Certainly the present is rather stressful. In the second quarter, for example, Ericsson managed only 1% year-over-year revenue growth despite strong demand for build outs of 5G networks for telecom companies.
Looking out into that future, though, Ericsson has signed deals with all the major Chinese telecom providers for 5G network equipment. It now shows 99 deals for future buildouts as well as having its radio and core equipment live within 54 networks. The goal is to build up enough volume to offset margin pressure from Huawei, Samsung, and ZTE. Don’t have any doubts about it–this is one tough market. Ericsson, Huawei, and Nokia dominate the equipment provider market but Samsung and ZTE are riving into the segment and that’s putting pressure on everyone’s costs. Which is why the other part of Ericsson’s strategy–driving up operating margins–is so important. The company has been cutting cost and selling more high margin software and services. Morningstar projects that gross margins will climb into the mid-to high 30s from 23% in 2017. Gross margins for the trailing 12 months were 37.88%, up from a cycle low of 22.13 in 2017.
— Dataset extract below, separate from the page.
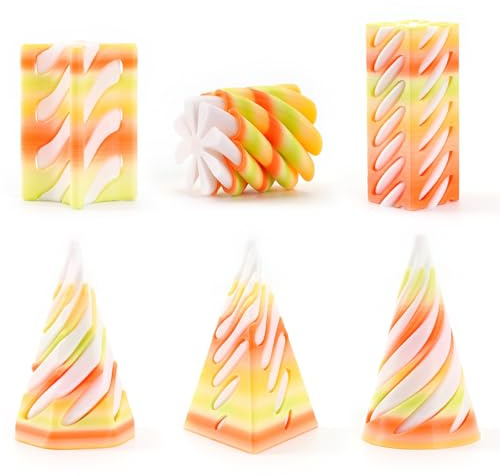 6 PCS 3D Printed Spiral Cone Fidget Toy The Impossible Spiral Fidget Toy 3D Printed Decompression Spiral Cone Toys Mini Stress Relief Decorations Toy for Adult Gift (Rainbow C)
The ADRs have traded in a 52-week range of $6.15 to $11.93. Today the ADRs closed at $11.74, down 0.23%. They pay a small 0.63% dividend. The ADRs are up 26.42% in the last month.
One thing driving that recent performance has been the effort by the Trump administration to have U.S. allies ban Chinese gear makers Huawei and ZTE from their 5G networks out of well-founded fears that the Chinese companies will enable Chinese securities agencies to spy on telecom traffic. In 2018, the United States and Australia banned its service providers from using China-based Huawei and ZTE equipment in their network buildouts for 5G. Some other companies seem to be following that lead although the position is a hard sell because the Chinese companies are willing to sell at what look to be subsidized prices.